News and events

Engineering Success: Science and Innovation Observatory Evaluation Briefing Making and Impact

Following the publication of the first SIO Briefing on STEM evaluation, Ken Mannion and Mike Coldwell - the Observatory co-directors - were invited to speak at a set of further events on Cost Effective STEM evaluation organised by the Royal Academy of Engineering. The seminar series raised a lot of exciting questions, which we hope will lead to new ways of using evidence in the field that the Observatory seeks to engage with. Watch this space...

posted 26th January 2012


Science teachers' careers: a new Research Project

Researchers from the two centres that make up the Observatory have recently begun work on a new project looking at the impact of continuing professional development (CPD) on science teachers' career development.

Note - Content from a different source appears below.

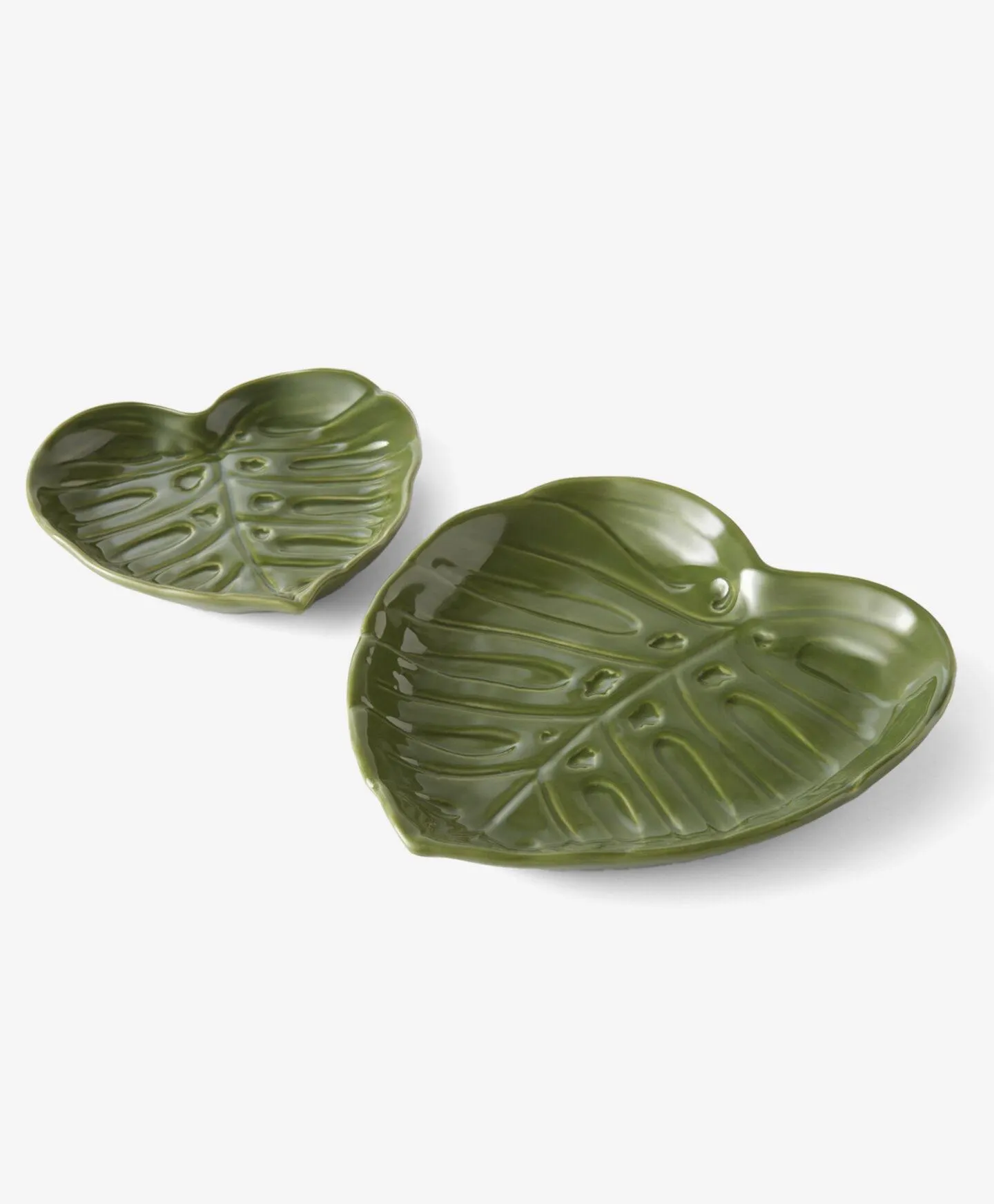 Set 2 tăvi ceramice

The National Science Learning Centre commissioned the team, jointly led by Mike Coldwell, head of CEIR, and Ken Mannion, head of CSE, to examine how the work of Science Learning Centres affects teachers' intentions to stay in the profession, and their career progression. This is the latest in a series of research and evaluation projects in the STEM field that the two centres (sometimes with Mathematics Education Centre colleagues) have conducted, and confirms Sheffield Hallam University's place as one of the country's leading STEM evaluators.

posted 26th January 2012


Evaluation in STEM Education Event

On April 5th 2011 we held our first event, an invitation-only seminar on Evaluation in STEM education. We looked at critically at the impact, accumulation and usefulness of what has taken place to date with the aim of informing evaluation in this field in the future. Does evaluation make a difference? Who uses it? Is it just evaluation for its own sake?

We have a wide range of initiatives in STEM education and spend significant sums on evaluating many of them. Yet where evaluations take place they are often poorly thought through; and then the learning from all of this is often negligible or poorly shared, rarely influencing other interventions. This raises two important questions:

1. Why do we engage in evaluation?
2. How can we make evaluation work better?

We used the outcomes of the day as part of a Briefing Report that is now available through the Science and Innovation Observatory website.